Früher nannte man es Schleichwerbung
Nun kann man sagen, dass der Kaufentscheid für eine Antifalten-Creme oder einen Neuwagen nicht wirklich von umwerfender Bedeutung ist. Auch wenn die Glaubwürdigkeit der redaktionellen Unabhängigkeit angekratzt ist. Genauso wie durch Reiseberichte, die man nicht Reportage nennen sollte, weil verschämt am Schluss erwähnt wird, dass er durch Airline XY und Hotelkette YZ ermöglicht wurde.
Richtig abgründig wird es allerdings mit immer neuen Formen der Werbung, die man nicht mal mehr als Schleichwerbung bezeichnen kann. Und bei der es auch um politische Entscheidungen geht. Zum Beispiel bei der Konzernverantwortungsinitiative. Das ist etwas anderes, als dass bei Tamedia beispielsweise Kochseiten täuschend ähnlich wie redaktionelle Beiträge daherkommen. Aber bezahlte Werbung sind.

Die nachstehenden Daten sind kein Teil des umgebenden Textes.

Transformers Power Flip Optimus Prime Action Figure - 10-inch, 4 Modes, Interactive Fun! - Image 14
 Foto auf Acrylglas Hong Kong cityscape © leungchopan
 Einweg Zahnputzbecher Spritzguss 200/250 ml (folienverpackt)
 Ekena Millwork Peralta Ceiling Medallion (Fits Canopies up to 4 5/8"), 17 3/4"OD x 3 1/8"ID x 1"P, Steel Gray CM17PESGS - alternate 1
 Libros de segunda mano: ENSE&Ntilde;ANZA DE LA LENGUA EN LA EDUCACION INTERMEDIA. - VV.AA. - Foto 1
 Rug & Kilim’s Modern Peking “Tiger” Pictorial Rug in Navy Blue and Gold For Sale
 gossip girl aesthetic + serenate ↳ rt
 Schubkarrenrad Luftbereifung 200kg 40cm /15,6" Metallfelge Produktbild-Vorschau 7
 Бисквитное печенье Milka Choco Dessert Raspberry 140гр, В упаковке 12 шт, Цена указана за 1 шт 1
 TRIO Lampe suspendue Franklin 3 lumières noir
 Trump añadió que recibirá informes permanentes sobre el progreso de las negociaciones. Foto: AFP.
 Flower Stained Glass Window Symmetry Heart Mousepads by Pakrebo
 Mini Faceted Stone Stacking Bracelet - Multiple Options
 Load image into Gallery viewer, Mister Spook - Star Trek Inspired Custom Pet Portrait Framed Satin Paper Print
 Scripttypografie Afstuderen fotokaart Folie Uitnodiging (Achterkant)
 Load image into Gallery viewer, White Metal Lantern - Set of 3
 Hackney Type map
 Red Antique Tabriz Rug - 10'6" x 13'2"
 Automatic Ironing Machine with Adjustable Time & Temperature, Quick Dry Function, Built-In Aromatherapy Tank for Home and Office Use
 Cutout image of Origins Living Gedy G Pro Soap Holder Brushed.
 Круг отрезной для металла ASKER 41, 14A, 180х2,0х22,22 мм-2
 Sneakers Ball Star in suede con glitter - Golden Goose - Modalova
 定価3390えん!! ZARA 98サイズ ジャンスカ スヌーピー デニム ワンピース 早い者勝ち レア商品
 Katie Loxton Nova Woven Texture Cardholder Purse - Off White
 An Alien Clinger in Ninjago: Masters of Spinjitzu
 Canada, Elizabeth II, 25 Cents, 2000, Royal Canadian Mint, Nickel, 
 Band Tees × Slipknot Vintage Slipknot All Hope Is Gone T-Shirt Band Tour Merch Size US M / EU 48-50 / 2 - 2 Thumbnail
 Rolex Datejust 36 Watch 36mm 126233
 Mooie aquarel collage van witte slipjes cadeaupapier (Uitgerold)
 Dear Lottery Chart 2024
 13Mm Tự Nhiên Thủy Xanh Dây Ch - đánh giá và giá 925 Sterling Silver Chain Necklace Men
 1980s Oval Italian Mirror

So flatterte neben einem redaktionellen Beitrag zur Initiative rechts eine Ankündigung, die versprach, nach der Lektüre zu «unserem Faktencheck» innerhalb eines «Dossiers» zum Thema zu leiten. Faktencheck, Dossier, das sind Begriffe, die Redaktionen gerne verwenden.
Was ist Kontextuelles Zielen?
Nur handelte es sich hier um ein bezahltes Inserat, von einer PR-Agentur aufgesetzt. Im Dienste von Gegnern der Initiative.
Das sei «Contextual Targeting», schwurbelte Tamedia zur Verteidigung, ausserdem sei es dem Leser doch klar, dass Tamedia niemals ein «animiertes Werbebanner» als Verweis zu einem selber gebastelten Inhalt verwenden würde.
Dennoch rügte der Presserat den Konzern zum wiederholten Male, er sei «beunruhigt über die zunehmend feststellbare Verschleierung von kommerziellen Inhalten». Das hat natürlich auch damit zu tun, dass immer mehr Journalisten die Flucht in PR oder Firmenkommunikation antreten. Bevor sie auch noch weggespart werden.
Der Vorwurf, dass der redaktionelle Inhalt auf der Rückseite von Inseraten stattfindet, ist so alt wie die Newsmedien. Daran hat auch das Internet nicht viel geändert. Richtig ist, dass mit solchen Unschärfezonen der überschaubare finanzielle Ertrag mit einem gewaltigen Verlust an Glaubwürdigkeit und Vertrauen erkauft wird. Wenn das fehlt, ist das Organ zum Untergang verurteilt.
Und hat natürlich jeden Anspruch verwirkt, als angeblich unverzichtbare vierte Gewalt Staatssubventionen zu kassieren.
Der Agent im Dienste ihrer Majestät und von Labels und Marken darf das. Er wird dafür bezahlt. Wer dann so blöd ist, einen Bond-Champagner für 185 Franken zu bestellen, ist selber schuld. Okay, wer «Watson» liest, auch. Ist immerhin gratis.